A DIN uniquely identifies the following product characteristics:

  • Manufacturer;
  • Product name;
  • Active ingredient(s);
  • Strength(s) of active ingredients(s);
  • Pharmaceutical form; and
  • Route of administration.

Drug Product: A particular presentation of a medicine characterized by its pharmaceutical dosage form and the strength of the active ingredient(s).

Ex-factory price: The price established for the first arm’s length sale of the product into the distribution chain, whether to wholesalers, hospitals, pharmacies and others. This price always excludes sales taxes and wholesale mark-ups when the wholesale function is not carried out by the patentee. With respect to the reporting of publicly available ex-factory prices in Form 2 Block 5, the ex-factory price can be the price that is agreed on between the patentee or former patentee and the regulatory body of the country in which it is sold by the patentee.

Former patentee: A former patentee is a person who is no longer entitled to the benefit of the patent pertaining to a medicine. For example, a patentee may become a former patentee as a result of patent expiration, patent lapse, or termination of contractual agreements with the patent owner/holder. The filing should only cover the periods during which the drug product was patented.

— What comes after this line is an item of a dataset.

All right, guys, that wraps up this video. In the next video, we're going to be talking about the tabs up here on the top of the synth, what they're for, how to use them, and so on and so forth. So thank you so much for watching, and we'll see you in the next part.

Generic Product: A pharmaceutical product that is bioequivalent to a brand-name drug product sold in Canada, or that is a licensed version of the same brand name drug product sold in Canada. A generic product may nonetheless have patents that pertain to it.

Hospital: A health care institution licensed, approved or designated as a hospital by a provincial or territorial government or is owned or operated by the Government of Canada to provide continuing medical care and supporting diagnostic and therapeutic services.

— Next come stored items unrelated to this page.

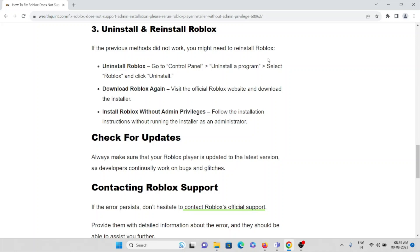Download Roblox again. Visit the official Roblox website and download the latest version. Once you download it, install Roblox without admin privileges. Follow the installation instructions without running the installer as an administrator.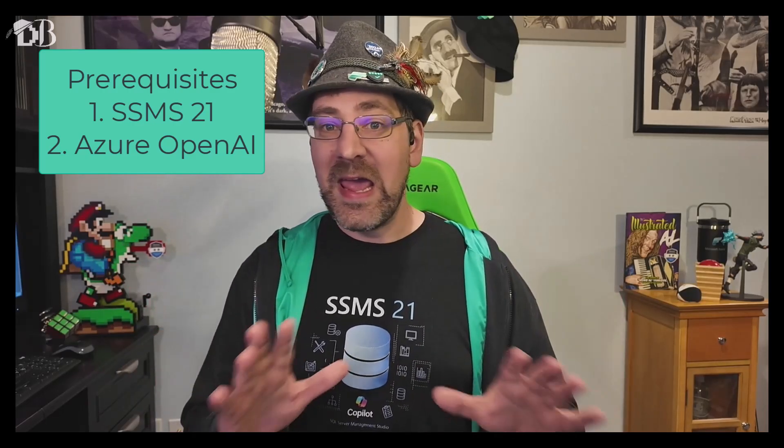Alright, quick reference guide on how to set up SSMS Copilot. If you're looking to follow along with this, two prerequisites you need. First of all, download and install SSMS 21. Brand new version just went GA last week at Microsoft Build. On top of what I'll show you today, it has a bunch of significant improvements. I'll release a video later on with more details on that.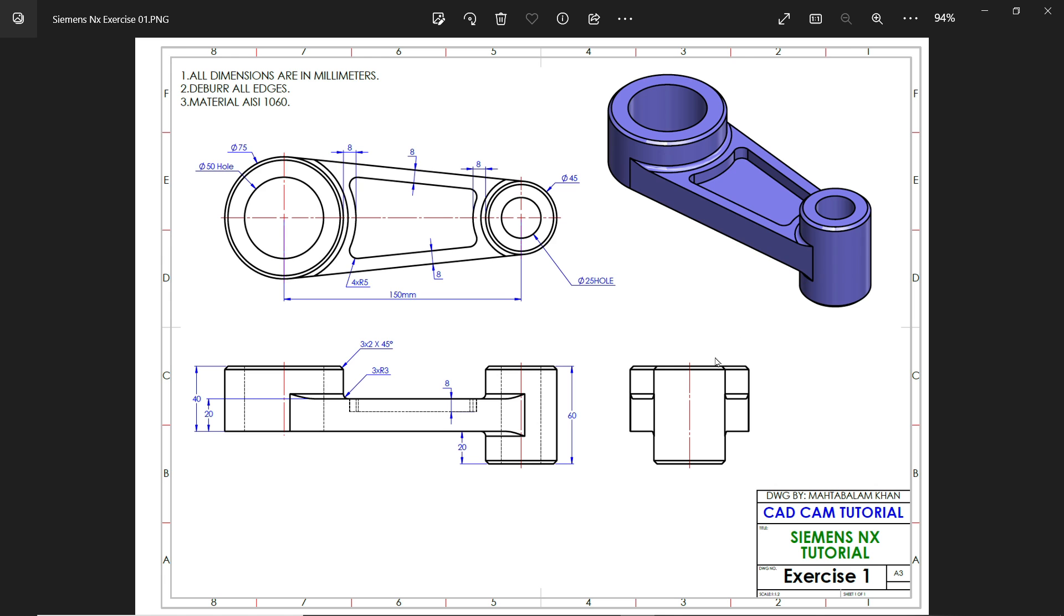Welcome back to a new exercise of Siemens NX 2206 version. This is the first exercise in Siemens NX. Here is our model. All dimensions are in millimeters. Material is ISO AISI 1060.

Indication: An indication is a specific condition, manifested by the presence of disease or medical signs or symptoms that the medicine addresses, prevents and treats, as approved by Health Canada.

Investigational New Drug (IND): A drug for human or veterinary use that is being investigated with approval from Health Canada.

In vivo: In relation to a medicine, the application or administering of such medicine into or upon the living body of human beings or animals.

License: A contractual agreement, whether express or implied, between a patent holder and a licensee under which the latter is permitted to exercise some or all of the otherwise exclusive patent rights of the patentee, generally for monetary consideration (e.g., royalties in the form of a share of the licensee’s sales).

License, Compulsory: A license granted by the Commissioner of Patents that permits the licensee to import, make, use or sell a patented invention pertaining to a medicine. The compulsory licensee pays license fees or royalties to the patent holder for use of the patented invention.

With the exception of those compulsory licenses issued prior to December 20, 1991, which continue to be in effect, the 1993 amendments to the Patent Act repealed the compulsory licensing regime effective December 20, 1991. Accordingly all compulsory licenses issued after December 20, 1991 cease to have effect.

Medicine: Any substance or mixture of substances made by any means, whether produced biologically, chemically, or otherwise, that is applied or administered in vivo in humans or in animals to aid in the diagnosis, treatment, mitigation or prevention of disease, symptoms, disorders, abnormal physical states, or modifying organic functions in humans and or animals, however administered.

For greater certainty, this definition includes vaccines, topical preparations, anaesthetics and diagnostic products used in vivo, regardless of delivery mechanism (e.g., transdermally, capsule form, injectable, inhaler, etc.). This definition excludes medical devices, in vitro diagnostic products and disinfectants that are not used in vivo.

Net Revenues: Net revenues consist of actual sales revenues (excluding federal/harmonized sales tax) for medicine sold (i.e., shipped) during the reporting period less amounts disbursed for benefits or promotions such as rebates, refunds, or gifts.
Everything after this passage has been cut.